Thursday, December 20, 2007

Ozymandias

Dec. 20, 2007

--Morgan Stanley ... received a $5 billion investment from a Chinese fund in exchange for a 9.9% stake. WSJ A1 (in 1907 JP Morgan bailed the USA out of a depression)

--kitsch is the absolute denial of shit—Milan Kundera—HARPERS, p99 Dec. 2007

--The preoccupation with decay and sapped energy relates directly to the human condition. –Cliché #3, ART CRITICISM 101: YOU TOO CAN BE AN ART CRITIC

Wednesday, December 19, 2007

your government at work

...according to current and former administration and intelligence officials The accounts indicate that the involvement of White House officials in the discussions before the destruction of the tapes in November 2005 was more extensive than Bush administration officials have acknowledged. NYT A1 probably because no one has any clear recollection of anything

--The Federal Reserve, acknowledging that home mortgage lenders aggressively sold deceptive loans to borrowers who had little chance of repaying them, proposed a broad set of restrictions Tuesday on exotic mortgages and high-cost loans for people with weak credit.
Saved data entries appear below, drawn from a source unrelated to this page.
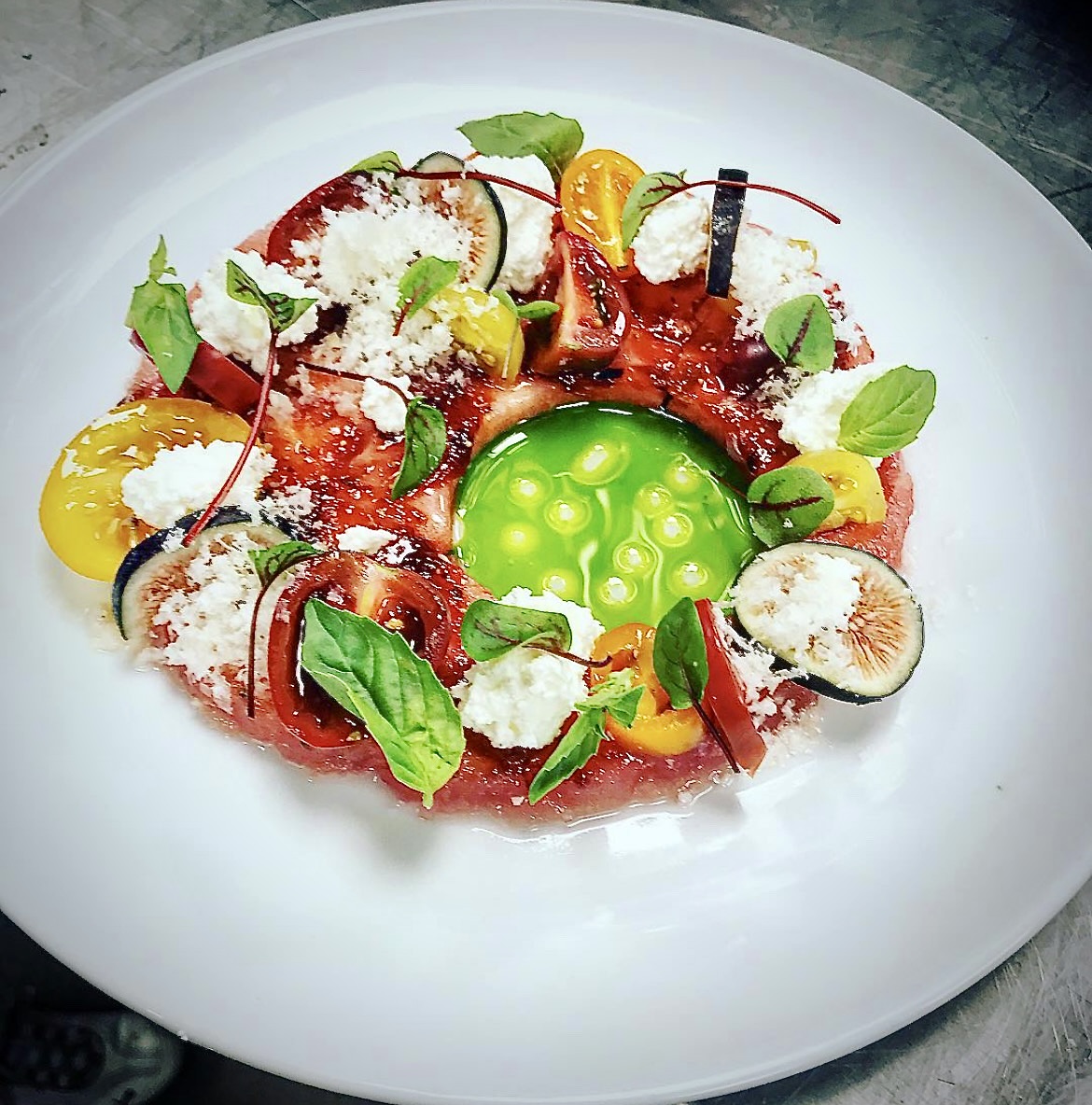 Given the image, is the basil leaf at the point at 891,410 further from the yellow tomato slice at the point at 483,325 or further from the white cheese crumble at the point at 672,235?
the yellow tomato slice at the point at 483,325

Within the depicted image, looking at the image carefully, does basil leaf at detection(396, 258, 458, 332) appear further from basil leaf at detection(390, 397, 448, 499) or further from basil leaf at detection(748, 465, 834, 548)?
basil leaf at detection(748, 465, 834, 548)

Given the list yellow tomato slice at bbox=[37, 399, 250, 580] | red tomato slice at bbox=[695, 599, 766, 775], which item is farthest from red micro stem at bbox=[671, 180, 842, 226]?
yellow tomato slice at bbox=[37, 399, 250, 580]

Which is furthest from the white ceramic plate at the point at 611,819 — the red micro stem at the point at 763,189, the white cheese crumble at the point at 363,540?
the white cheese crumble at the point at 363,540

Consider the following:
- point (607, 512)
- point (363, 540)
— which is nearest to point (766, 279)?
point (607, 512)

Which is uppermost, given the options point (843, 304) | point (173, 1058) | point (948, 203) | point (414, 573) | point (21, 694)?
point (948, 203)

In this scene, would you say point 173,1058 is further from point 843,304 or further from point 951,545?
point 843,304

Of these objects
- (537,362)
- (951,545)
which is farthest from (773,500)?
(537,362)

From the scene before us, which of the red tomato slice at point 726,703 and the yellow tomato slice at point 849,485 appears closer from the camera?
the red tomato slice at point 726,703

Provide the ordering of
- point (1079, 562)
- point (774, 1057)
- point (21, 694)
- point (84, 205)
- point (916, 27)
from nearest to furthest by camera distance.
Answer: point (774, 1057)
point (21, 694)
point (1079, 562)
point (84, 205)
point (916, 27) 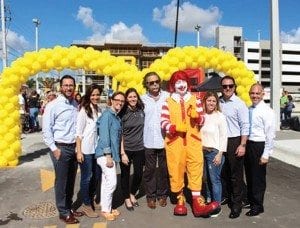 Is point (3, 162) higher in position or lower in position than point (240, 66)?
lower

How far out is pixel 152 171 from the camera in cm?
656

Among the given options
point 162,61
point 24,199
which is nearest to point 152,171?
point 24,199

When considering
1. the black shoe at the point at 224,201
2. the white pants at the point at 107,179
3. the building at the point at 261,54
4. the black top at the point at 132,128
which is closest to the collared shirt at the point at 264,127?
the black shoe at the point at 224,201

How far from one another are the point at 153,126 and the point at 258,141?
155 centimetres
NYT A1—cows and horses out of barn, mice still there

Catching Americans who Travel illegally to Cuba or who purchase cigars, rum or other products from the island may be distracting some American government agencies from higher-priority missions like fighting terrorism and combating narcotics traffic, a government audit released Wednesday says. NYT A3—feel safer yet? Or is this why Castro is going to retire?

--Despite a significant reduction in violence in Iraq over the past three months, the Iraqi government has made little headway in improving the delivery of electricity, health care and other essential services, a new Pentagon report said Tuesday. NYT A6 where is Market God when we need Him?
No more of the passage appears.